Business-class flights to New York, a popular route for Avios redemptions as there is excellent availability with multiple flights every day, will now cost you £788.90 plus the 100,000 Avios, off-peak per person for a return trip, an increase of over £100.
Los Angeles (LAX) return flights in business class also require the same £788.90 in fees, taxes and surcharges, as do flights to Seattle (SEA), for example. If you are redeeming a British Airways Companion Voucher remember that while you will only be required to pay the Avios for one passenger, you must pay the full fees, taxes and surcharges for both passengers, which may now be more than £1,500 total, depending on the route.
Some destinations have not yet seen price increases, for example, flights to Rio De Janeiro have the same fees, taxes and surcharges today as they did a month ago.

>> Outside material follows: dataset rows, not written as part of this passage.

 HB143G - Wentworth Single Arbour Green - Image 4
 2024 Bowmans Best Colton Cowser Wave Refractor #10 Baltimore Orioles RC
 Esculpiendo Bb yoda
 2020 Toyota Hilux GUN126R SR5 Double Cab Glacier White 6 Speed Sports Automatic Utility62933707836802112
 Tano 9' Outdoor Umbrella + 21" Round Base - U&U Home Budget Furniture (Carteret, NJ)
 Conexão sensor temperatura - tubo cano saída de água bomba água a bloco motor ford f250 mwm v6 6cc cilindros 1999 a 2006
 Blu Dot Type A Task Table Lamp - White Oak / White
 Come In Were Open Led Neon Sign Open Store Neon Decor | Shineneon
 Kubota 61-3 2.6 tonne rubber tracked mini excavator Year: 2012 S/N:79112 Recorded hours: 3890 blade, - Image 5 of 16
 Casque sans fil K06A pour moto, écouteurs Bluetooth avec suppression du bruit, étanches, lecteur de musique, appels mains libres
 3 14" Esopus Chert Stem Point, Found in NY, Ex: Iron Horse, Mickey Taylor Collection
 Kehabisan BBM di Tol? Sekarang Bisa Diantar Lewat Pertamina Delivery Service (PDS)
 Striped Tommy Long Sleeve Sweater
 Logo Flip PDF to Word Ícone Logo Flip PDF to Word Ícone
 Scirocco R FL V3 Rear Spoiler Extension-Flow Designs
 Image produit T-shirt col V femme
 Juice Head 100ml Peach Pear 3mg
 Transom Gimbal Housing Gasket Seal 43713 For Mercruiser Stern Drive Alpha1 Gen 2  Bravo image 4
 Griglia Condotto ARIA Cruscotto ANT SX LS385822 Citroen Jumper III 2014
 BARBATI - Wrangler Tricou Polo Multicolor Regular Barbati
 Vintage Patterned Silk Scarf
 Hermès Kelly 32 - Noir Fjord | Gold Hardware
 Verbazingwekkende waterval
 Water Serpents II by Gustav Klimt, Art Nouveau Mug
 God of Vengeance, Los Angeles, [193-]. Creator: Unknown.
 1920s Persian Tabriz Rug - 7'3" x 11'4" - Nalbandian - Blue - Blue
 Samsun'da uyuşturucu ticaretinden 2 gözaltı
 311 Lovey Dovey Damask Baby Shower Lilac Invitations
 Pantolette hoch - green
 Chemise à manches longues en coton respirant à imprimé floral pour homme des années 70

If you have your eyes on a particular future redemption you should check the cost of the surcharge — if it hasn’t yet seen an increase you may want to lock in your booking now as this shows the cost can and does increase without notice.
British Airways is already well-known for significant fees, taxes and surcharges on Avios redemptions, both on their own “metal” and for redemptions on partner airlines. These are a combination of:
- Government taxes, such as the Air Passenger Duty which the airline is required to pay for each passenger departing the U.K., so passes these on to the customer;
- Airport fees charged by the airports British Airways operate from and to. Again these are passed onto the passenger. Heathrow Airport, British Airways largest base has announced small increases from £19.60 to £30.19 from 1 January 2022 which does not account for the three-figure price increase on some routes; and
- Fuel surcharges, discretionary surcharge airlines charge to compensate the changing price of global fuel. This surcharge often increases as fuel prices increase though unfortunately generally do not decrease when fuel prices drop. For example, in 2020 fuel prices plunged as the world decreased travel during lockdowns, but the surcharges applied to Avios redemptions did not reduce as a result.
There are a few tricks to reduce the cost of some fees and taxes, such as departing from mainland Europe, rather than the United Kingdom, although the fuel surcharges, the largest element of a long-haul, premium cabin Avios redemption will remain high regardless of where you start your trip from.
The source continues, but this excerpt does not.